Angesichts dieser Zahlen lässt sich fragen, ob es sich bei den Wasser-Protesten tatsächlich um eine paneuropäische Bürger- und Protestbewegung handelt, wie die Aktivsten betonen. Eher, so heißt es auch in Brüssel, sei das Verteidigen der kommunalen Wasserversorgung ein typisch deutsches Phänomen. In anderen Ländern seien private Wasser-Anbieter längst gang und gäbe. Die deutsche Praxis, Wasser über kommunale, semi-öffentliche Stadtwerke zur Verfügung zu stellen, sei keinesfalls frei von Korruption und Intransparenz. Genau diese Struktur wollen die Befürworter der neuen Wasser-Richtlinie aufbrechen. Sie mokieren sich über die "lokalen Klüngel" in Deutschland, die die Güter zur Daseinsvorsorge unter sich aufteilen. Selbst die deutschen Politiker in Brüssel, die gegen die neue Wasserrichtlinie sind, räumen ein, dass die bisherige Praxis der Konzessionsvergabe für Wasser in Deutschland nicht frei von Problemen ist.

Internationale Wassermafia gegen deutschen Provinz-Nepotismus

Der Konflikt ist derart aufgeladen, dass beide Parteien zu kriminalisierenden Bezeichnungen für den jeweiligen Gegner greifen: internationale Wassermafia hier, deutscher Provinz-Nepotismus dort. Tatsächlich sind für den Protest in Deutschland neben ver.di vor allem kommunale Institutionen wie der Städtetag und die kommunalpolitischen Vereinigungen der Parteien verantwortlich.

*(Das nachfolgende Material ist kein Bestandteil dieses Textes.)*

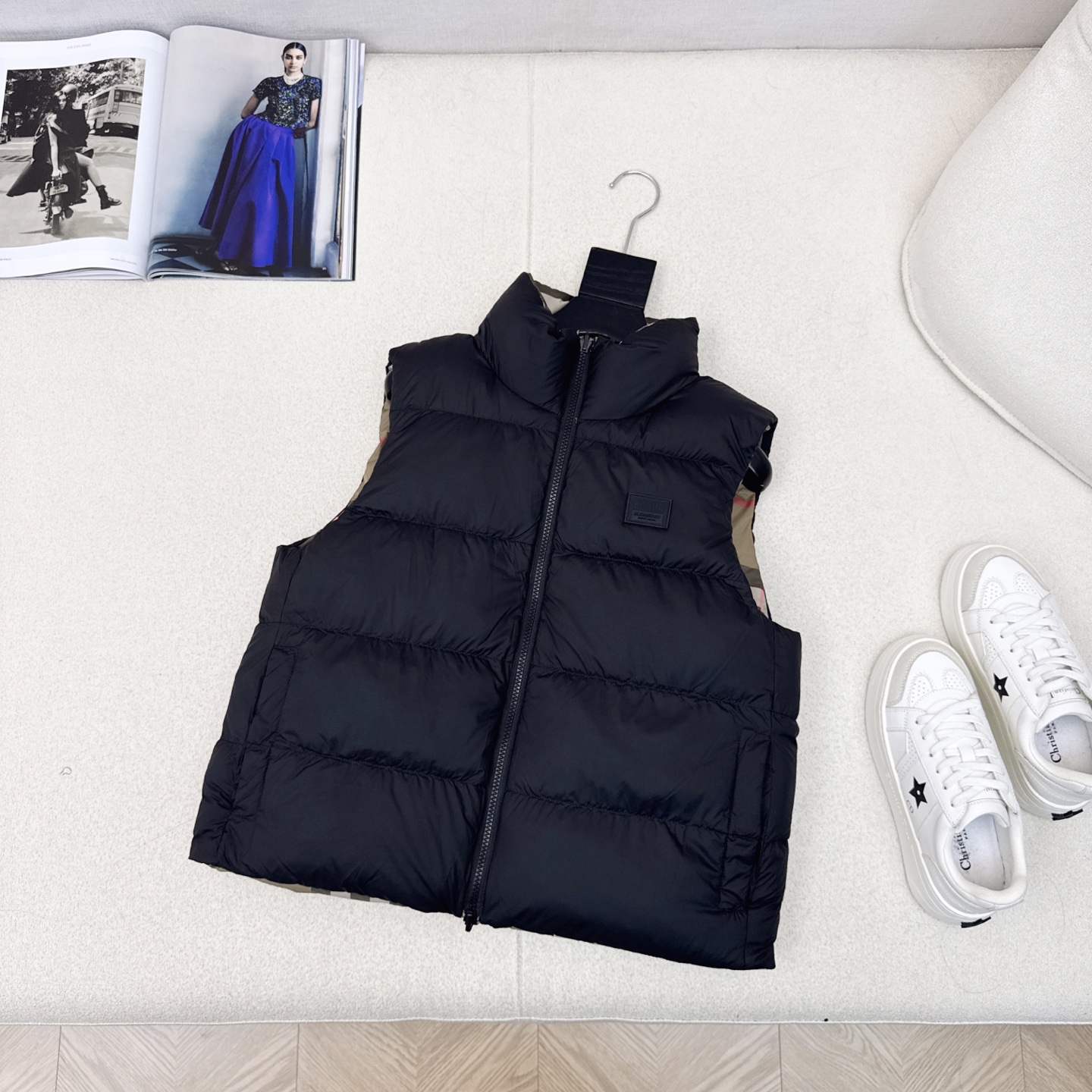 使い勝手良 2025 バーバリー 新作 ダウンベスト コピー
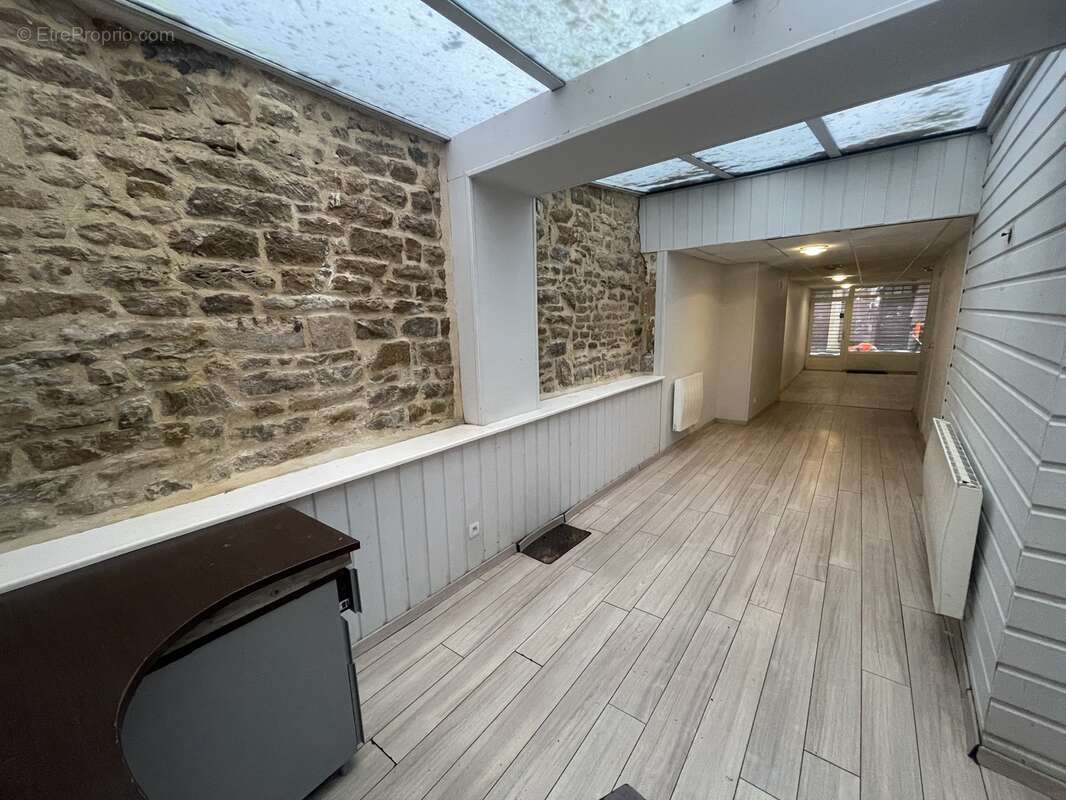 Commerce à SEDAN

Anders sehen es dagegen oft die Spitzenpolitiker. Angela Merkel beispielsweise begrüßt den Plan der Europäischen Kommission "grundsätzlich". Das geht aus einem Brief hervor, den die Kanzlerin Anfang Januar an den ver.di-Chef Frank Bsirkse geschrieben hat, der ZEIT ONLINE vorliegt. Merkel schreibt darin, Brüssel strebe einen "verlässlichen Rechtsrahmen" an, was "nicht zwingend zu einer Privatisierung" des Wassers führen müsse.

Der Wasser-Graben läuft quer durch die Parteien

Öffentlich hat sich die Kanzlerin diesbezüglich bislang zurückgehalten. Schließlich weiß sie um den Widerstand in ihrer eigenen Partei. Sabine Verheyen beispielsweise ist kommunalpolitische Sprecherin der Union in Brüssel. "Wie eine Blöde" habe sie gekämpft, damit das Wasser vom an sich richtigen Wettbewerbsgedanken ausgeklammert werde, sagt die CDU-Abgeordnete. Vergeblich – deshalb könne sie nun der neuen Richtlinie nicht zustimmen.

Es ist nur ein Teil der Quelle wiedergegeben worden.